Frankly, I find things like the clip here risible. But then, it's not aimed at me. Who am I to pass such a judgement, based as it is on a personal disquiet of such naked jingoism and, no doubt, a residual disquiet of such naked English jingoism? (Not that I am anti-English – indeed, I am, largely, quite the Anglophile, or at least have too great an awareness of the complexities of that nation to have anything but a suitably nuanced idea of it. That residual disquiet comes from the weight of that bastard history, of which there is far too great an accumulation hereabouts for one to be totally immune to it even if, like me, one is disdainful of its more poisonous effects.)
No, this is bigger than one smartarse foreigner's pointing and laughing. I wonder how England fans react to this kind of John Bull stuff. Or perhaps I wonder how much the John Bull stuff is a reaction to England fans. The relationship between the English and Englishness seems to be far more complicated than this film allows for.* The kind of unabashed patriotism – or even quiet pride – characteristic of so many countries seems embarrassing to many English people. Whereas the national saint's days of the other UK nations is cause for celebration (or a day off, anyway), St. George's Day is the occasion for a debate on the meaning of St. George's Day, which has thus far yielded no consensus. While the shunning of the Union flag by England football fans in favour of the George's cross in recent years appears to itself have caused some small shift in general national self-image, one gets the sense that there is a certain strain of mainly right-leaning souls who believe they are England. What's more, they can do so because they are largely unchallenged; an association with one's nation and with its symbolism is gauche and undesirable. (How healthy all this is I really don't know.)

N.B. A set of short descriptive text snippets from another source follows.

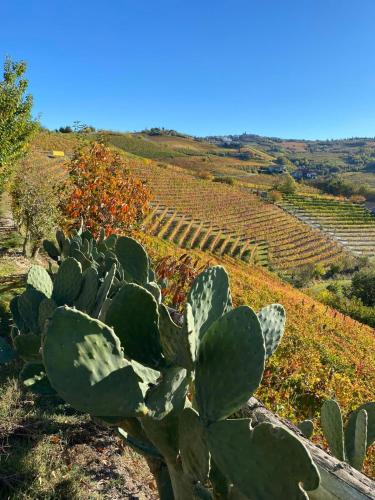 a cactus on a hill next to a vineyard at Agriturismo La Ruota in Montelupo Albese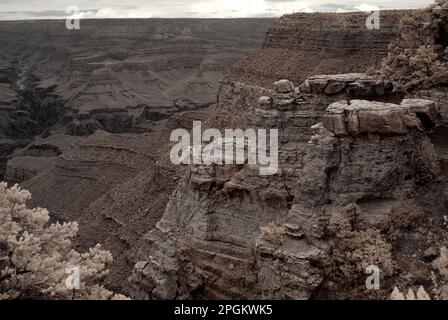 Sepia-Ton am späten Nachmittag im Grand Canyon Arizona Stockfoto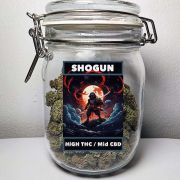High THC Shogun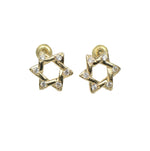 Load image into Gallery viewer, 14k Gold Star of David Stud Earrings with Screw Back
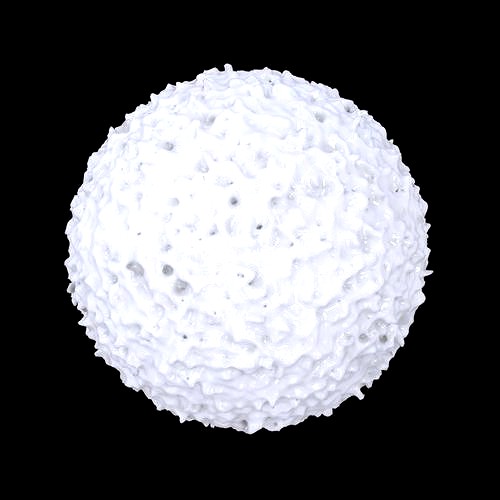 Lymphocyte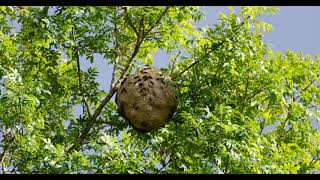 Cest Bzzz Bzzz Bzzzzzz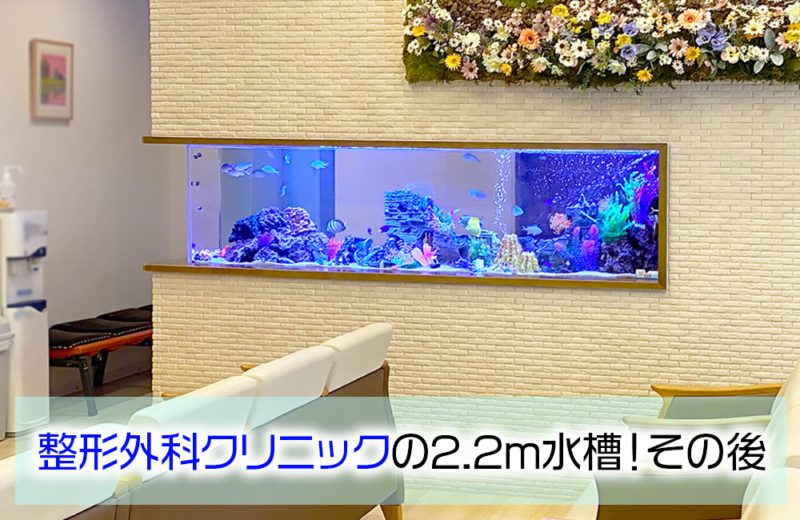 整形外科クリニック様の2.2ｍ埋め込み式水槽その後！沈没船が登場 水槽画像１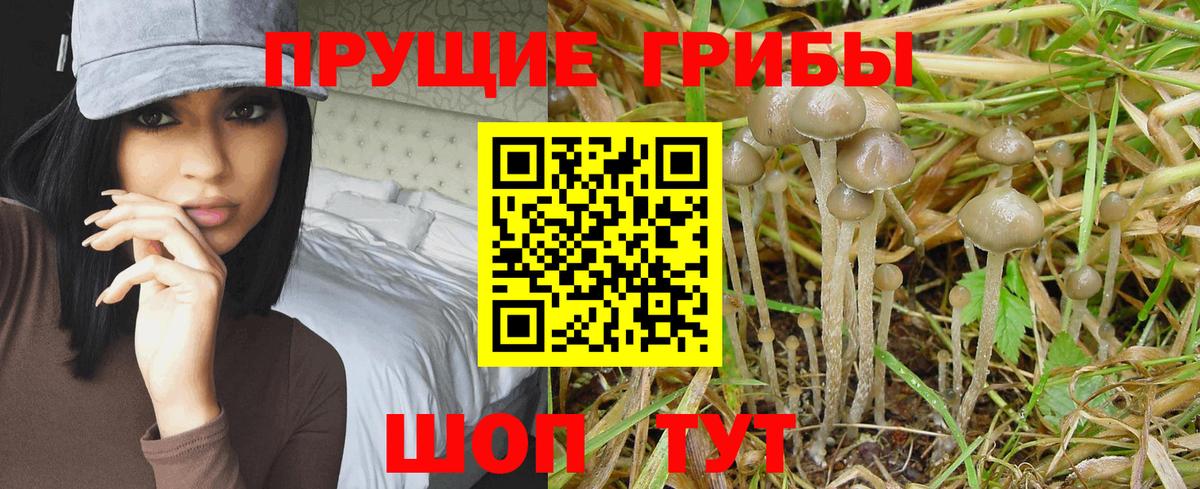 Галлюциногенные грибы MAGIC MUSHROOMS  Псилоцибиновые грибы мицелий  Вход с VPN  Киров 
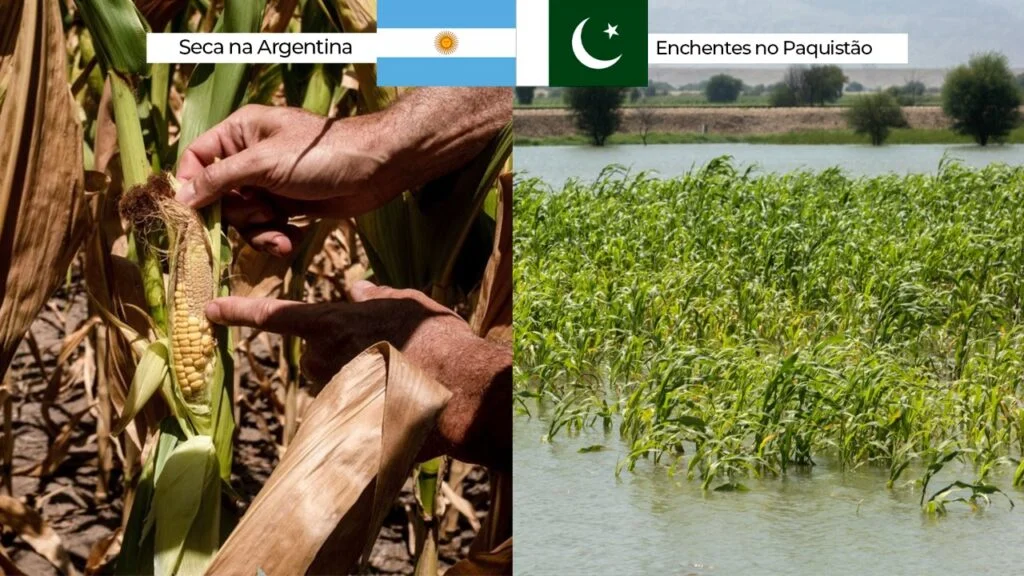 Mundo sofre com oferta restrita de alimentos, fibras e energia ao caminhar…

(Compare this with Ireland, whose citizens are Irish and not afraid of being so or letting everyone know about it: even when the Troubles were at their height and a large degree of sympathy with Northern nationalism existed, the presence of militant republicans in the Dáil only ever hobbled between non-existent and negligible. This was despite the way in which they attempted to co-opt the symbols of Ireland and Irishness – something in which, in fairness, they succeeded to a certain extent; the large number of tricolours flown around the country during the 2002 World Cup was seen by some an an instinctive act of reclamation.)
So if there is this ambiguity, how is it that the conditions exist that this film can be a plausible way to introduce a football match? How has this sort of thing not been laughed out of town? Maybe everyone is too nervous or chatty or pissed before a game to pay any attention. And maybe I'm reading too much into it – though, as I say, I'm not interested in it as a deterministic thing as much as I am in it as a reflection. If it is a reflection, that is. Which it mightn't be. In which case, I apologise for wasting your time. I suppose what I am ultimately trying to get across is how utterly fascinating that tangled web is, both in general terms and in how it manifests itself through football, especially in an even-numbered year. England will be an armchair sociopsychoanthropoetcetcetcologist's plaything this summer, as ever.
* Though I guess that a title sequence showing CCTV footage of people moaning about the drizzle and discussing the merits of a stag weekend in Bratislava would be, if more truthful, not quite fit for purpose.